Home

Installing Unravel Server on an EC2 instance

This topic explains how to create a new EC2 instance, set up RDS (optionally), install and configure Unravel Server on the new EC2 instance, and connect it to the EMR cluster you want to monitor.

1. Create an EC2 instance
  1. On your AWS console (https://console.aws.amazon.com/), go to the EC2 dashboard and click Launch Instance.

  2. Select the following options based on Unravel's instance requirements:

    • Base OS

    • Instance type and size

    • EC2 instance's security group / IAM role

      Best practice is to create an IAM role that contains the policy that only reads the specific S3 bucket used on EMR cluster, and then create and instance profile and add the IAM role to it.

    • Ports

    • Networking

      The EC2 instance must be in same region with the target EMR clusters which Unravel EC2 node will be monitoring.
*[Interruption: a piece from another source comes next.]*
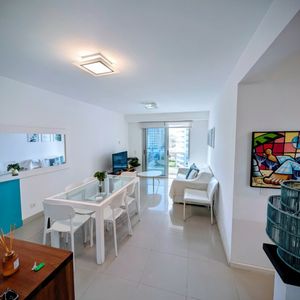 Apartamento De 2 Dormitorios En Venta, Playa Brava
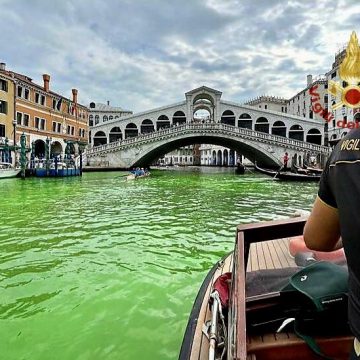 Venecia amanece con sus aguas de color verde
    • Security groups or policies

      • Create an S3 ReadAccess only IAM role and assign it to Unravel EC2 node to read the archive logs on the S3 bucket configured for the EMR cluster.

      • Create TCP and UDP connections from the EMR master node to Unravel EC2 node.

      • Create a security group that allows port 3000 and port 4043 from EMR cluster nodes' IP address, and put the member of the security group used on EMR cluster in this rule.

      Sample inbound rule

      Type

      Protocol

      Port range

      Source

      All traffic

      All

      All

      Security group ID of this group or subnet IP block.

      For example, 10.10.0.0/16

      SSH

      TCP

      22

      0.0.0.0/0 or trusted public IP for SSH access

      Custom TCP Rule

      TCP

      3000

      Security group ID used on the EMR cluster or subnet IP block (if IP block belongs to a different VPC). Required for VPC peering connection.

      Custom TCP Rule

      TCP

      4043

      Security group ID used on the EMR cluster or subnet IP block (if IP block belongs to a different VPC). Required for VPC peering connection.

      Sample outbound rule

      Type

      Protocol

      Port range

      Source

      All traffic

      All

      All

      0.0.0.0/0

      Note

      The Unravel EC2 node should have all TCP access to the EMR cluster (master or slave) nodes. You can grant access by inserting a security policy into both security groups of the EMR master and slave with all TCP, all port range. The source is the security group ID of the Unravel VM. For an example, see the screenshot below.

      aws-emr-slave.png

      If it isn't possible to allow the Unravel EC2 access to all traffic to EMR cluster, you must minimally allow it to access cluster nodes' TCP ports 8020, 50010 and 50020.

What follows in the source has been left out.